The Nightingales are centred around its vocalist Robert Lloyd and, despite a twenty year absence between 1986 and 2006, have recorded seven albums together, ‘Pigs on Purpose’ (1982), ‘Hysterics’ (1983), ‘In the Good Old Country Way’ (1986), ‘Out of True’ (2006), ‘What’s Not to Love?’ (2007), ‘Insult to Injury’ (2008) and ‘No Love Lost’ (2012).
The group currently consists of ex-Prefect Alan Apperley (guitar) and Matt Wood (guitar), both of whom joined the group when it reformed, and new recruits Andreas Schmid (bass) and Fliss Kilsson (drums). ‘No Love Lost’ was recorded, like ‘Insult to Injury’, at the German band Faust’s studio in Scheer in Germany. It maintains Lloyd’s trademark, but witty vocals and with an anarchic bullishness and fearlessness pits and melds musical style after musical style together.
Pennyblackmusic spoke to Robert Lloyd about ‘No Love Lost’.
PB: The Prefects’ first official gig in 1976 ended in a riot after it premiered its song, ‘Birmingham’s a Shithole’. Over 35 years on, many of your lyrics continue to have sociological concerns. You have never come across as a musician that has traded in nostalgia. Do you think, however, that the socio-political situation has got better or worse since then and especially in Birmingham, or have times simply always been tough?
RL: Well wars, starvation and bad health, greed and wealth protection, abominable individuals and regimes etc, continue. Bigotry remains in fashion, and 'the man' and the religious zealots seem resolute and unremorseful about the pain they inflict and the selfishness they endlessly spawn. It's just the degrees of apathy and acceptance that fluctuate, and, of course, Birmingham is just a tiny dot on the globe.

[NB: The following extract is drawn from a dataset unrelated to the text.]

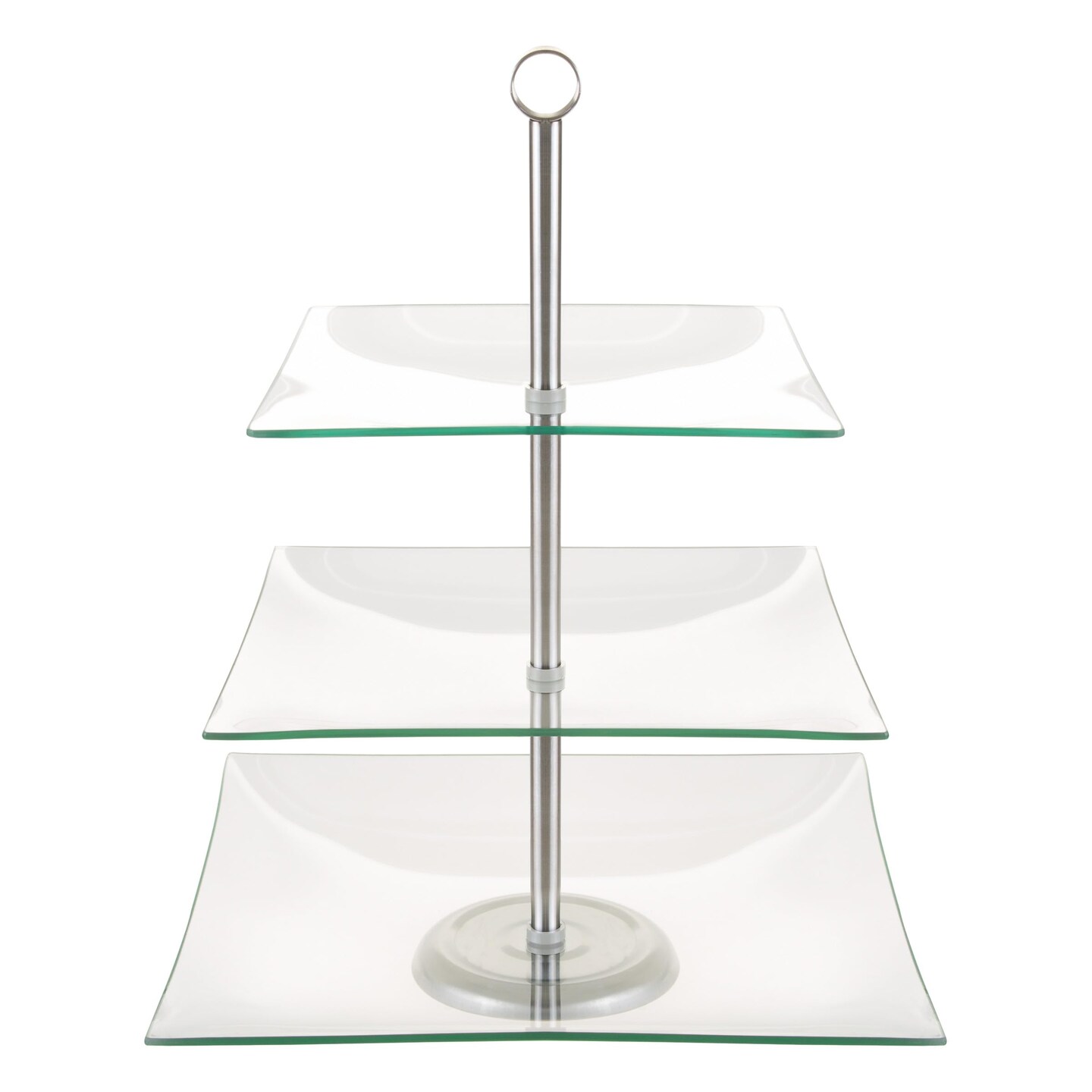 Three Tier Square Glass Buffet and Dessert Stand, 1 Pack, Clear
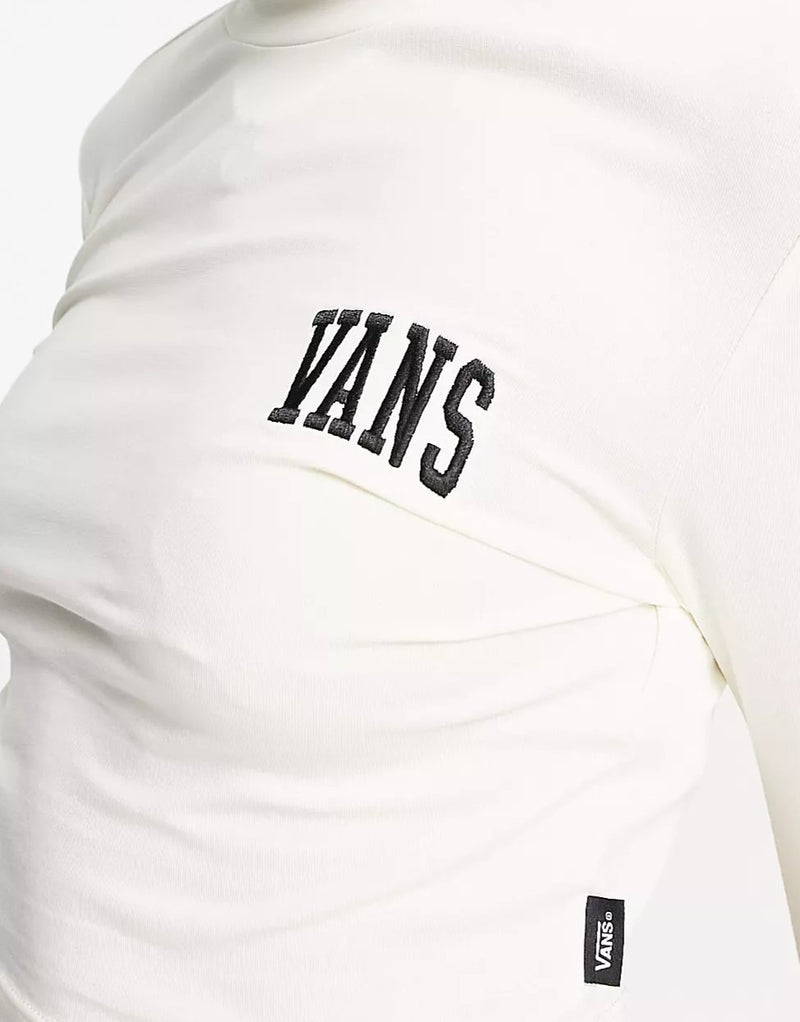 Vans Womens Logo Long Sleeve Crop Top In White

PB: In light of the previous question, it is interesting that the Nightingales had their twenty year lay off between 1986 and 2006, when the country was getting over the worst years of Thatcherism and before Blair had really begun to outstay his welcome. Why did you come back when you did? Was there simply less need during your years away for a group like the Nightingales?
RL: The supposed years of mutual respite was just a coincidence.
PB: The Nightingales have recently dropped “the” from their moniker and become simply “Nightingales”. Why did you decide to do that?
RL: From 'Idiot Strength' to 'No Love Lost' it comes and goes. It's no big deal.
PB: The album’s lyrics from the very beginning of the album are pretty abrasive and some would say confrontational, yet ‘World of Nothing Really’ seems to take issue with the permissive society. What did you mean by that conclusive line of “doomed to the world of nothing really”? Is it simply that if everything is permitted nothing ultimately has any value?
PB: You have really mixed things up with ‘No Love Lost’. ‘Best of British Luck’, for example, combines an “end of pier sound” with the melody line of the US bubblegum pop hit, ‘Down in Tennessee’. The last track, ‘Dick the Do-Gooder’ merges together the blues, space rock and a bassoon. It shouldn’t work, but it does. Did you set out with the aim on this album of deliberately seeing how far, not just lyrically, but also musically how far you could push things?
RL: While I know that the 'gales are not the most adventurous group of all time, we have never imposed any limits of what we get up to musically, although we never try to be wilfully weird either.
There are five members of the group with varying and eclectic musical tastes and this I think is a good thing. We just do whatever we want to basically and have no concept of 'The Nightingales Sound' - I can't see the point of three minute chunks of the same thing. Alan often says that it's the Nightingales if it has lyrics by Robert Lloyd and I guess that's a fair summary. If we decide to play reggae or heavy metal, then that is what we will do. There are enough crowd pleasing stiffs out there already.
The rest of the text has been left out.